Of all the workshops I facilitate, perhaps the one I'm doing most recently is the most relevant and necessary. It is called Communicating Well with Technology. It is an hour-long workshop to help people who conduct meetings and business virtually have greater success with their digital experience.
Here's what is most important to know. Communicating online via digital or virtual communication involves
How Big of A Deal Is All This?
It is a big deal because digital meetings tax our brain's attention systems and a sea of faces confront us constantly with an overload of stimuli.
These neuroscience factors make it more challenging to communicate with authenticity and establish trust while holding your audience's attention.
Communicating well involves establishing and maintaining trust. How you do this is a delicate balance of a number of factors including your verbal and non-verbal language as well as what and when you communicate.
Statistics reveal that even a one-second lag or interruption in your response (in a digital meeting) triggers a sense of unease in others and can give the impression that you are uninterested or distracted.
Trust is built when you are prepared and consistent in your delivery. This means you:
Know when you're on mute and how to navigate your unmute button effortlessly using the various online meeting platforms. Here's a funny video clip demonstrating how not to conduct a digital meeting and the importance of being the master of the mute feature.
As much as is humanly possible, think ahead to what distractions you'll need to manage. For example, my dog, Olive, sleeps under my desk when I work. She snores a little, but is usually very quiet and as my office is in the basement of my home, she doesn't bark because street noises aren't bothering her.
In my office, I don't need to worry about her barking. I do need to consider deliveries and the sound of the doorbell ringing.
If I know a delivery is scheduled, I notify the delivery team or a member of my family to help me manage it so that my meeting will not be interrupted in any way.
I also have a sign on my door when there is a critical meeting that cannot be disturbed unless there is a life-threatening situation.
All this is offered as a point about the value of preparing and pre-planning so that distractions don't become an issue that will make you look disorganized or untrustworthy.
I've included two funny video clips of working from home on camera fails. The first is a mom trying to lead a meditation while her daughter is video-bombing her efforts. Watch it here.
The second is my favourite as it involves a dog named Brody --- and his person, Paul Dellegatto, trying to give a live weather forecast from his home. Watch it here.

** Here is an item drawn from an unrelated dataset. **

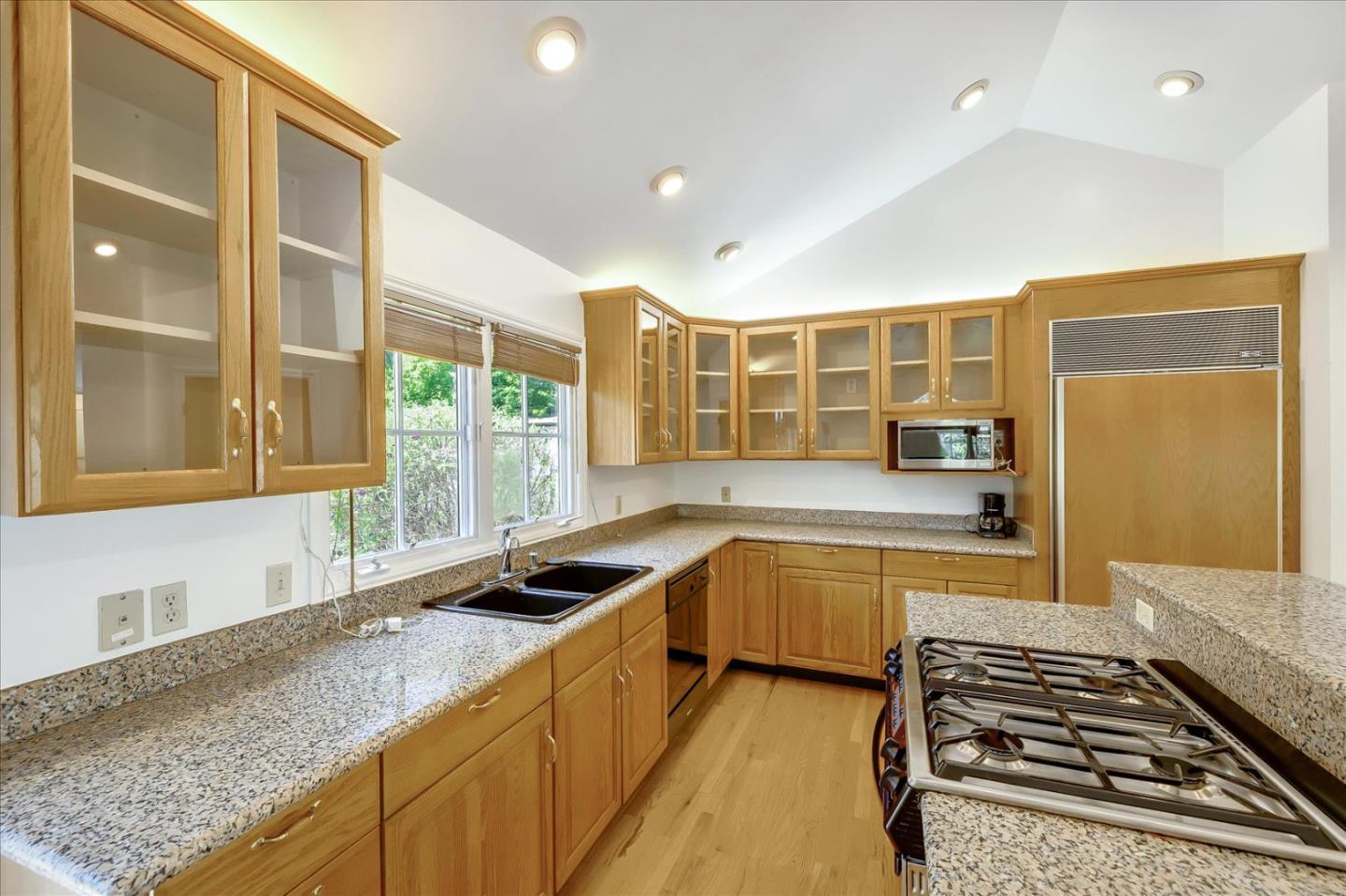 Toyon Road Atherton, CA 94027 - Photo 8 of 21 a kitchen with stainless steel appliances granite countertop a sink and a stove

Our brains are looking for certainty in every situation and are constantly trying to get a sense for what will come next or when something will end. It tries to anticipate what is predictable or threatening.

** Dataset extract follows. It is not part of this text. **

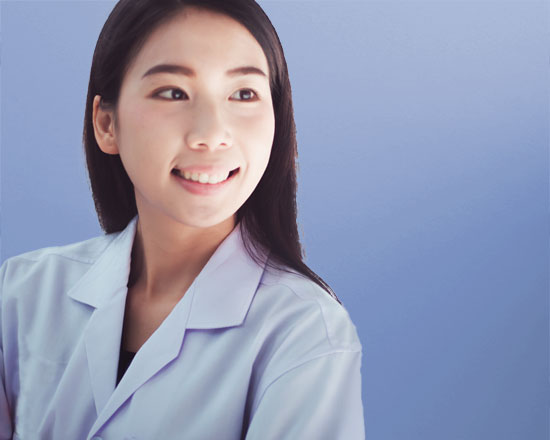 smiling female pharmacist in white lab coat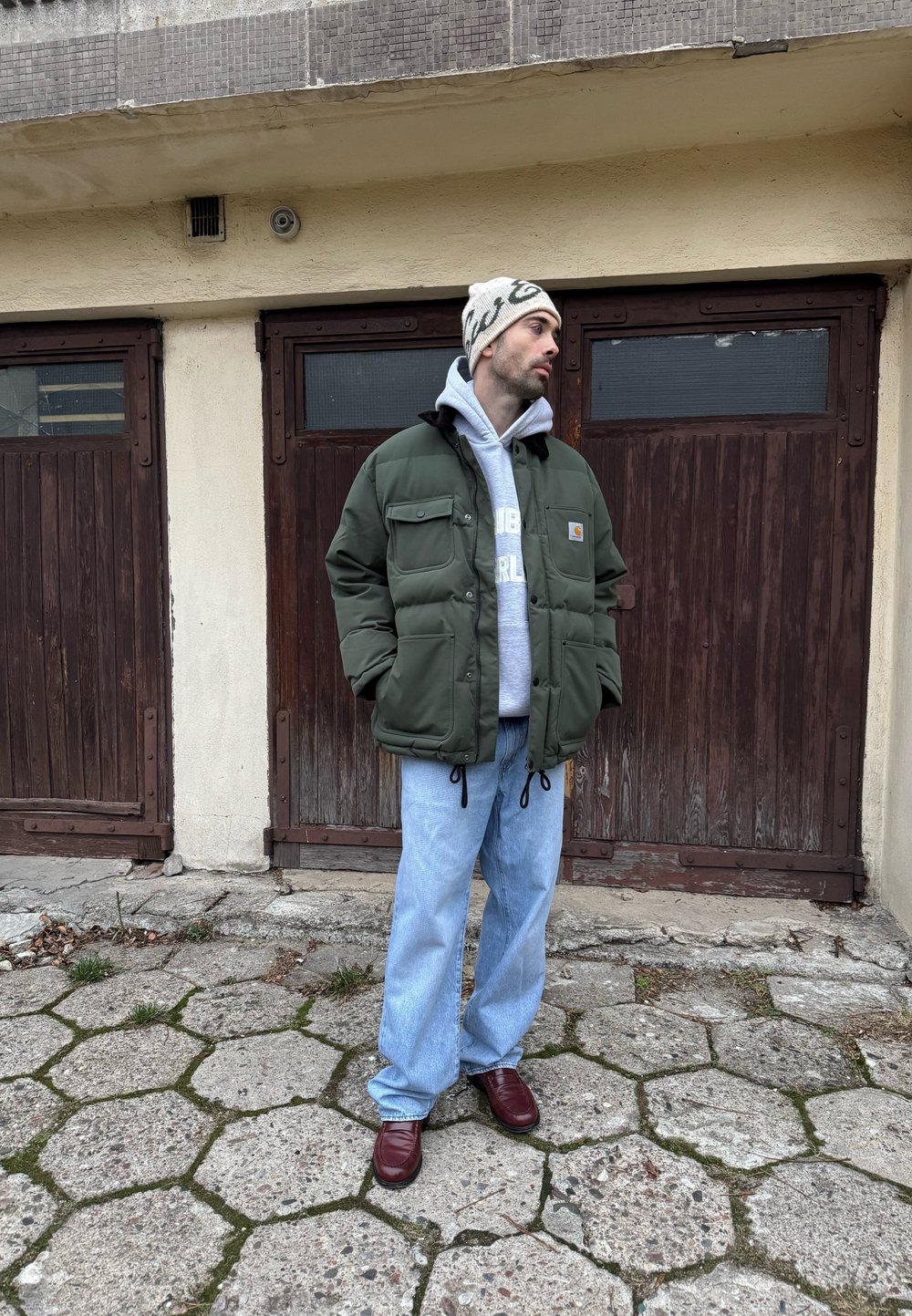 Doudoune verte avec poches avant, sweat à capuche gris, jean bleu ample et chaussures bordeaux, debout devant des portes en bois et un trottoir.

This triggers our attention span. Where we used to have people's attention for upwards of twenty minutes, it is now between seven and ten minutes.
It means you need to break up content and aspects of your digital meeting or training with poll questions and breakout discussions. It is an integral component of adult learning. And, no-one wants to be seen as a talking head that drones on.

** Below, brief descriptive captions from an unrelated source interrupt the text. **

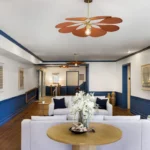Beach hotel lobby with blue molding and orange overhead flower lamp, white sofas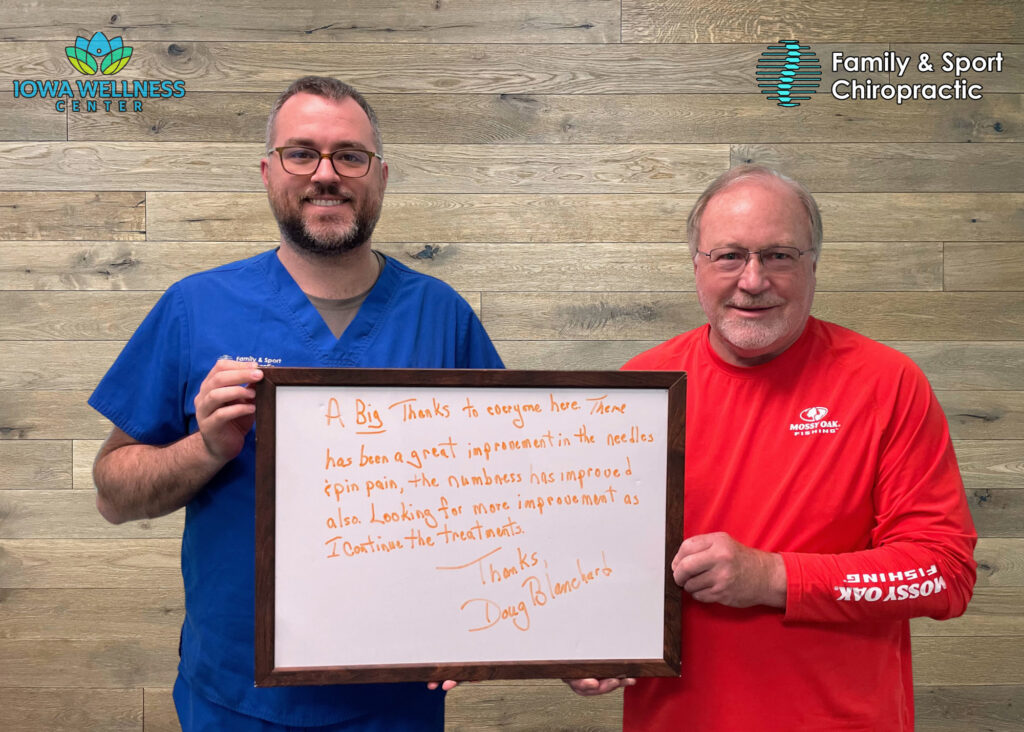 A physical rehabilitation doctor near Iowa City stands next to patient holding a whiteboard that states how he found relief from neuropathy at the wellness center
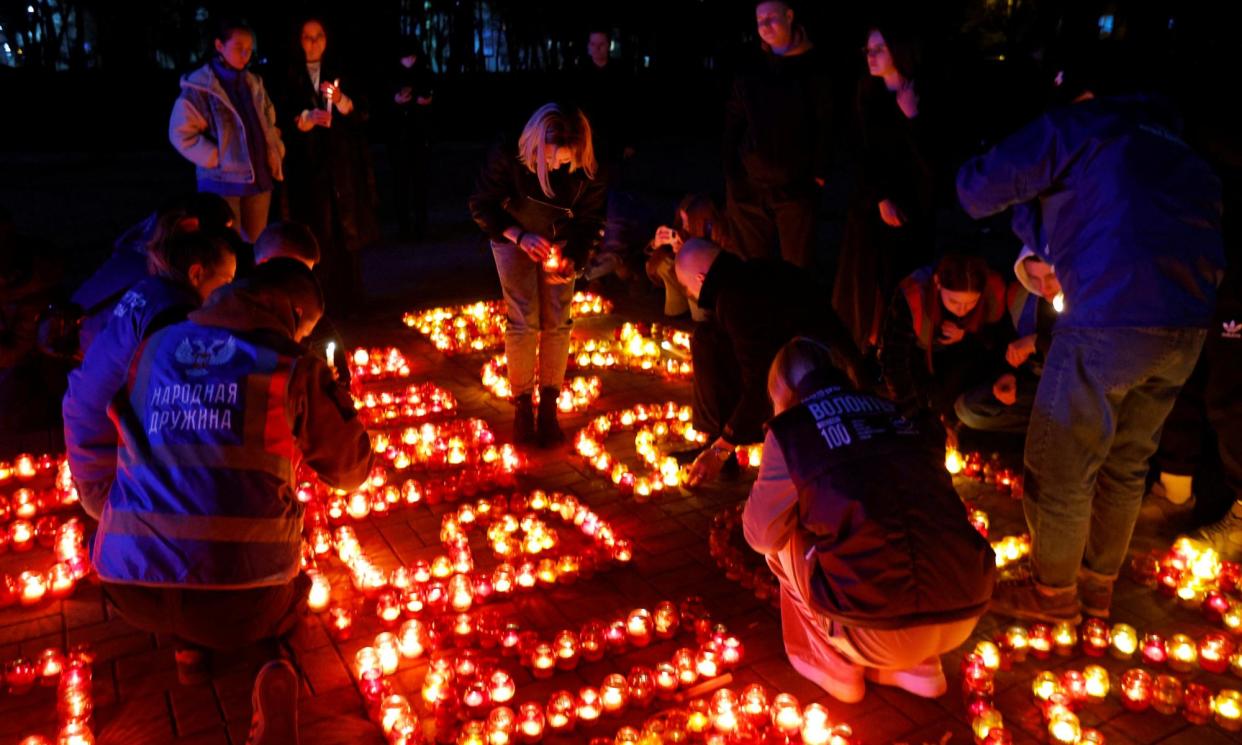 <span>People pay tribute to the victims of Friday’s terrorist attack in Moscow.</span><span>Photograph: Alexander Ermochenko/Reuters</span>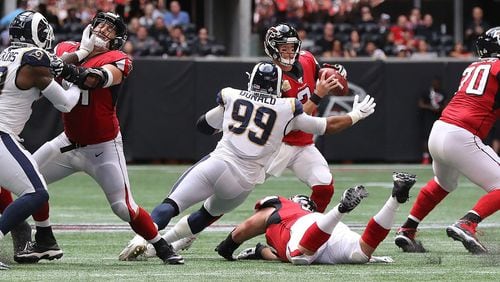 Rams defensive tackle Aaron Donald hits Falcons quarterback Matt Ryan causing a fumble that the Rams recovered and knocking Matt Ryan out of the game with an apparent injury during the fourth quarter Sunday, October 20, 2019, in Atlanta.    Curtis Compton/ccompton@ajc.com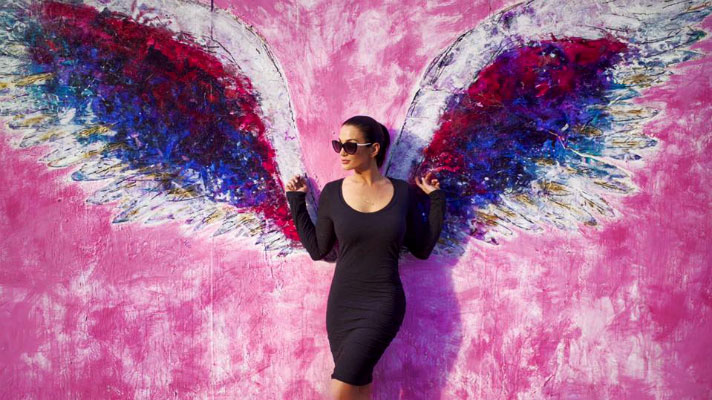 Christina Cindrich in front of angel wing mural
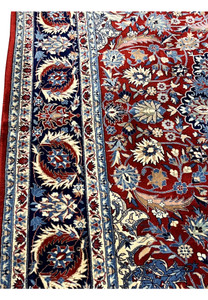 Border closeup of Persian Tabriz rug showing navy main border, light blue guard borders, and ivory floral elements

Change up your delivery method with a poll question or a "reflect on this" breakout room question.
Consider introducing a short (under 3-minute video) too. Especially if the content you are delivery is heavy, a funny, but appropriate, video clip may just do the trick.
Keep your audience involved and anticipating that their participation will be called upon at any moment.
Lighting is key and getting it right may be a bit tricky. I've found that using a ring light has been a game-changer for me.
I've included a few links to lighting rings that are under $50 Canadian.
Some you can clamp on your desk or table and others come with a stand. It is well worth the investment.
You don't want to be looking down on people or have them looking up at your nostrils.
You also want to position yourself at the right distance from the webcam so that it doesn't distort your face. Step back from the camera. The closer you are to a wide-angle, the more distorted you are.
Test out how you look on camera. Conduct a practice meeting with a trusted friend or colleague and ensure you're positioned just right BEFORE your meeting.
With these suggestions in mind, you're off to the races with the makings of glitch-free, smooth-running digital meeting.